It may be provided in pack or individual tab form, such that it may be attached on an ad-hoc basis to such surfaces as may require its function. (Small tabs or pas with adhesive peel-off backing, strips with adhesive backing, spray cans for individual application, etc.)
It may be provided to persons, to wear or carry in such a way that they may utilise it by holding, or otherwise applying the material briefly In contact with a surface before touching it.
There is some evidence that use of the equaliser in one form or another can act to discharge static charge induced onto an ungrounded body by the passage of another body (in the case of moving machinery, for example, a moving part may pass by an insulated metal part) or by other electrical or electromagnetic means. The presence of equalizer material between the two parts or at a different point, but acting upon the insulated component, may act to discharge the induced potential, thus preventing the long-term build up of charge on the insulated part. Similarly, there is some evidence that the equaliser can reduce static potential between bodies without direct contact with one or both of the bodies.
In the case of personnel static problems, people acquire potential relative to fixtures and fittings that are differently charged, and since all that is required is contact (or close proximity) between the person and a "ground" through the intermediary of the equaliser, it is perfectly possible for the person to carry an equaliser and interpose it or otherwise utilise it as required in order to discharge his/her static build up without the generation of an undesirable discharge--especially a sensible spark. A portable equalizer can, for example, take the form of a thimble, a conductive propelling pencil with an equalising plastic end cap, equalising nail varnish, a tissue/handkerchief, a ring worn on the finger, or a personal spray.
An equalising material could be used as an end cap or pad fitted to the end of a writing implement, provided the implement was itself conductive.
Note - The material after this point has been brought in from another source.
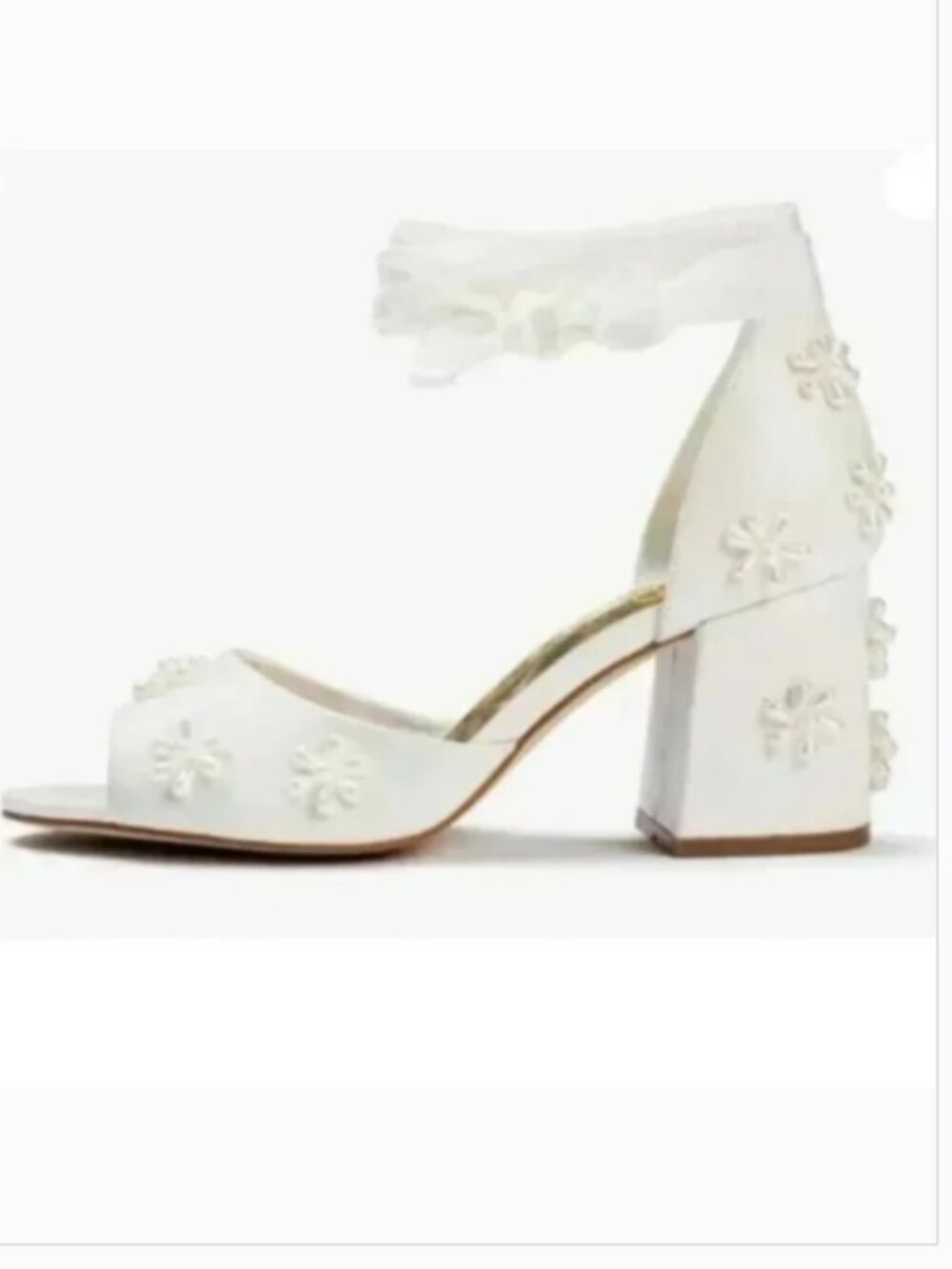 XYD White Open Toe Sandals with Bloom Pearl Flower Ribbon Ankle Strap Shoes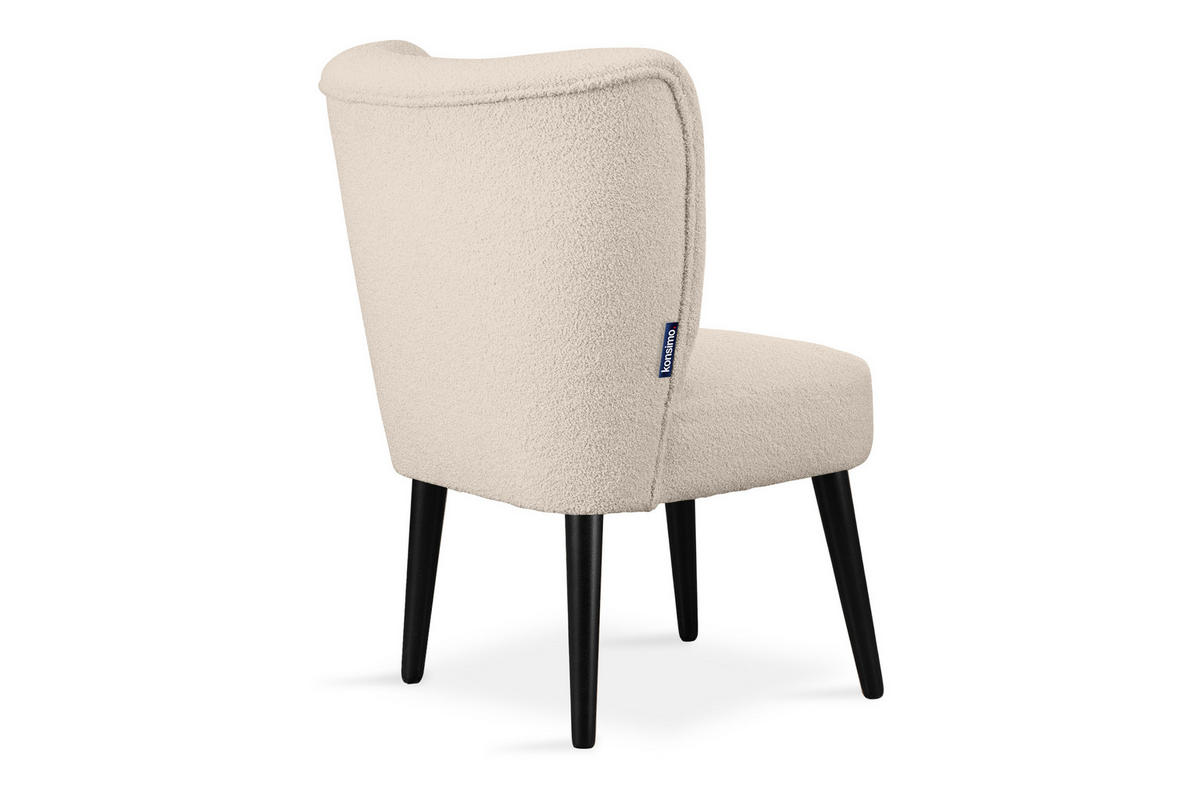 COCKTAILSESSEL APPA uf hohen schwarz lackierten Beinen aus Buchenholz, aus recyceltem Boucle-Stoff, Ecru/Schwarz - Ecru/Schwarz, Holz/Textil (63/89/65cm) - KONSIMO®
A key, for example for a drawer of a filing cabinet, may have an equalising grip, or a key-like device, a dummy key, for example, adapted to be carried on a key ring, may have a metal shank with an equalising grip, A key ring itself may be fashioned wholly or partly of equalising material. Alternatively, the key ring may be provided with a fob of equalising material. The material or pad may also be incorporated on other personal articles, e.g. an article worn by or attached to the person for example around the wrist or neck.
Embodiments of static charge equalisers according to the invention will now be described with reference to the accompanying drawings in which:
FIG. 1 is a front view of an equaliser pad
FIG. 2 is a back view of the pad of FIG. 1
FIG. 3 is a side elevation of the pad of FIGS. 1 and 2
FIG. 4 is a view of a pad in place on a door handle
FIG. 5 in a view of a pad in place on a filing cabinet
FIG. 6 is a view of pads in place on a personal computer
FIG. 7 is a view of a larger pad in place in a machine environment
FIG. 8 is a view of equaliser in a textile thread processing machine
FIG. 9 is a view of a key or key-like device
FIG. 10 is a view of a metal propelling pencil fitted with an equalising tip
FIG. 11 is a view of a car with equalisers placed in optional positions.
The drawings illustrate static charge equalisers comprising pads 11 of a material having a surface resistivity and/or a volume resistivity and dielectric properties such that charge from an approaching charged body is passed through the equaliser without any undesirable spark being generated.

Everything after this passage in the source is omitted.